3.1.De Rechtbank heeft voor het jaar 2015 geoordeeld, waarbij belanghebbende is aangeduid als eiseres en de Inspecteur als verweerder:
“
Uitstelverzoek zitting 29 april 2021
9. De gemachtigde heeft als reden voor het verzoek om uitstel van de zitting van 29 april 2021 gegeven dat eiseres haar standpunt ter zitting nader wenst toe te lichten maar dat zij thans in [buitenland] verblijft en dat het voor haar, als gevolg van de Coronareisrestricties, niet mogelijk was om tijdig naar Nederland te reizen. De rechtbank heeft dit verzoek afgewezen, omdat geen sprake is van een uitzonderlijke omstandigheid die tot uitstel van de zitting noopt. Daarbij is in aanmerking genomen het late tijdstip van het uitstelverzoek en de omstandigheid dat eiseres een gemachtigde heeft die namens haar ter zitting kan verschijnen. De gemachtigde is ook ter zitting verschenen. Daar komt bij dat eiseres meer dan voldoende gelegenheid heeft gehad om haar standpunt nader toe te lichten en zij daarvan steeds geen gebruik heeft gemaakt.

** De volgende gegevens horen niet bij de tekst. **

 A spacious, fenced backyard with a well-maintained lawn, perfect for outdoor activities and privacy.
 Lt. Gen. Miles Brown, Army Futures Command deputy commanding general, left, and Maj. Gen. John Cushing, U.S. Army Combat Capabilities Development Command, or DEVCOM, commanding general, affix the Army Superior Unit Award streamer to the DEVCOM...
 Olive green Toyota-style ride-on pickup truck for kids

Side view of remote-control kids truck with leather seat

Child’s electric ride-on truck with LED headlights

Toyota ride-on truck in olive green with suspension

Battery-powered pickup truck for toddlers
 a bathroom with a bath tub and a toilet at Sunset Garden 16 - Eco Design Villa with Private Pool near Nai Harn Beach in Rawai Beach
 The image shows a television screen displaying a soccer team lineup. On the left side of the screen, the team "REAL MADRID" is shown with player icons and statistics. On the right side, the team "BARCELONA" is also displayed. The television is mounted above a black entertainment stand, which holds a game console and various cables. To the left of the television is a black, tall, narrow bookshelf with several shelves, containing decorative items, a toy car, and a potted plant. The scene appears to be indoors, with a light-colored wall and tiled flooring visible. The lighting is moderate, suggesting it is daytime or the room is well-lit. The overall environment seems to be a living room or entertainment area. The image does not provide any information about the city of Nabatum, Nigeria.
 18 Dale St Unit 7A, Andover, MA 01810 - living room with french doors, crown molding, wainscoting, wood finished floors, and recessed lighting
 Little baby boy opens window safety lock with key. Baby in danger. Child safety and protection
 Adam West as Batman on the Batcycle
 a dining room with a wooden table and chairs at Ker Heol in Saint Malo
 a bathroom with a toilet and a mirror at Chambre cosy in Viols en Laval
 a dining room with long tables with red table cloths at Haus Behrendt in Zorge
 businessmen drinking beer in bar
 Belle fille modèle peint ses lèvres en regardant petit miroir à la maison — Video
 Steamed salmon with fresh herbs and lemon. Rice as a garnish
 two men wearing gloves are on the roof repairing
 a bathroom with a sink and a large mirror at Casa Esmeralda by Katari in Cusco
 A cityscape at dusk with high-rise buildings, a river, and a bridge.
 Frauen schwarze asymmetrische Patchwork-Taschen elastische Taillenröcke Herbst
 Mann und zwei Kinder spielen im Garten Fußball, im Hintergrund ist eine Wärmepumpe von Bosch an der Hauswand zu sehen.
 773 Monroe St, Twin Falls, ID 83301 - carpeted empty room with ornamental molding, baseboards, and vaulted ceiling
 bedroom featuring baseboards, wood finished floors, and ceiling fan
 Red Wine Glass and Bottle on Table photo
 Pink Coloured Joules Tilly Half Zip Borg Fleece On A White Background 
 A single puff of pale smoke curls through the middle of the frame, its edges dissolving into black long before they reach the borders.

10. Nadat de rechtbank bij tussenuitspraak van 16 maart 2020 verweerder in de gelegenheid heeft gesteld om eiseres alsnog binnen zes weken na verzending van de tussenuitspraak te horen, heeft verweerder op 10 april 2020 eiseres bericht dat hij vanwege de maatregelen rondom het Corona-virus niet in staat is om haar op korte termijn te horen. Bij aangetekende brief van 21 augustus 2020 heeft verweerder 4 september 2020 om 10.00 uur voorgesteld voor het houden van het hoorgesprek en hij heeft hierbij aangegeven dat eiseres, onder opgave van haar verhinderdata, eenmalig en binnen één week na verzending van de brief om een andere datum kan verzoeken. Volgens informatie van PostNL is de aangetekende brief op 22 augustus 2020 om 13.23 uur bij eiseres afgeleverd. Bij brief van 1 september 2020, ontvangen door verweerder op 3 september 2020, heeft eiseres verweerder bericht dat zij niet kan verschijnen. In haar brief heeft zij verweerder verzocht de vragen schriftelijk te stellen en aangegeven deze vragen schriftelijk te zullen beantwoorden.
Op 4 september 2020 is het verslag van het hoorgesprek van 4 september 2020 aangetekend aan eiseres verzonden. Volgens informatie van PostNL is deze aangetekende brief op 5 september 2020 om 12.51 uur bij eiseres afgeleverd. In het verslag van de hoorzitting is vermeld dat verweerder geen vragen heeft voor eiseres en dat hij eiseres nog eenmaal in de gelegenheid stelt om haar bezwaren mondeling toe te lichten en wel op 11 september 2020 om 10.00 uur.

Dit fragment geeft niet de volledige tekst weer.